My love for books was complicated. Once I started with one of their pages, I couldn’t stop. I could read until my eyes hurt or my mind got exhausted with the extensive travel. I knew this was insane, and quite risky, given my role as a student in this world. I had to get back to tasks, which was of course, a mountain of struggles. But I managed to get back, because “it does not do well to dwell on dreams and forget to live”.

There was a problem though. Once I exited my fantasies, I found it very difficult to go back, knowing very well that it will take me a solid effort to pull out of one as soon as the reality ushers me again. After months on end I stayed away from my books. Not because I did not want to read one, but because I had to sort out my priorities, and the list was not very often headed by very pleasing tasks. But I would come back when I could and spend days on end completing rows of books at one go.

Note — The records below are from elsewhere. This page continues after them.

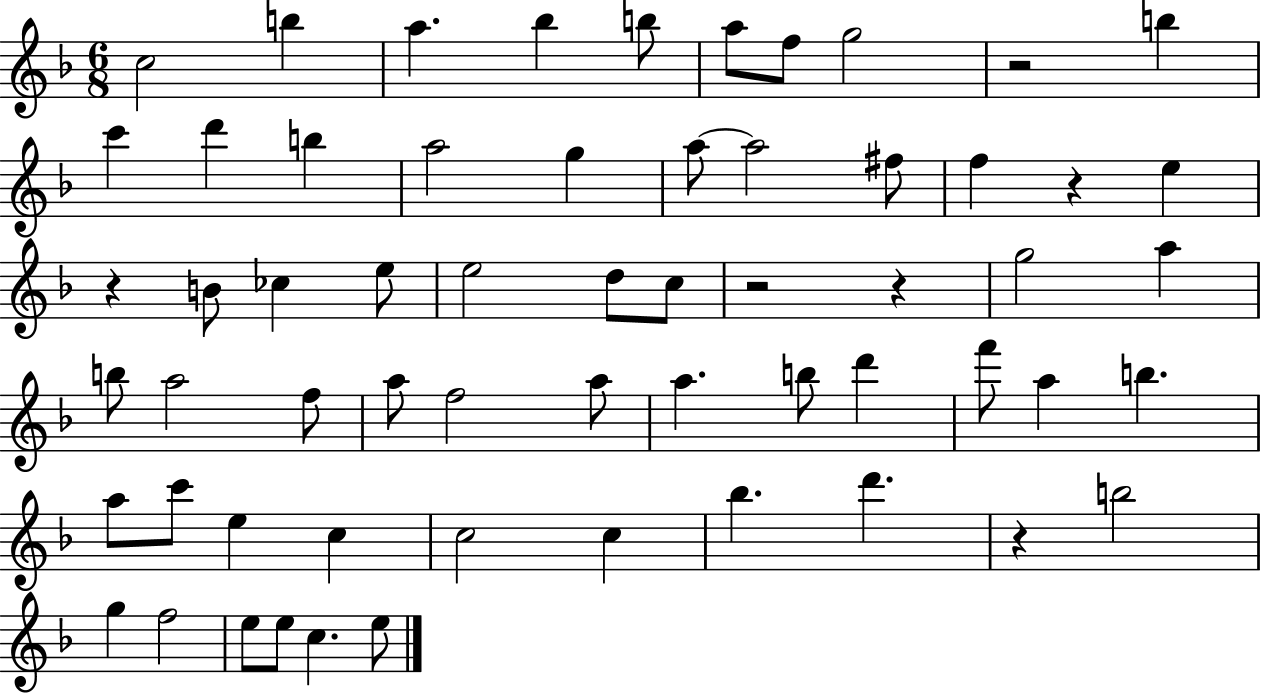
X:1
T:Untitled
M:6/8
L:1/4
K:F
c2 b a _b b/2 a/2 f/2 g2 z2 b c' d' b a2 g a/2 a2 ^f/2 f z e z B/2 _c e/2 e2 d/2 c/2 z2 z g2 a b/2 a2 f/2 a/2 f2 a/2 a b/2 d' f'/2 a b a/2 c'/2 e c c2 c _b d' z b2 g f2 e/2 e/2 c e/2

I was like a soldier fighting against the daily calls of duty, coming back home after months to express my love to those closest to the heart. Books were my family, they were my home. Perhaps that is why they advise us to be avid readers, because books have the power to keep our homesick hearts at bay. They are like tiny blocks of our home which has its foundation in a parallel Universe. They are a part of ourselves living apart, in another world and in another time.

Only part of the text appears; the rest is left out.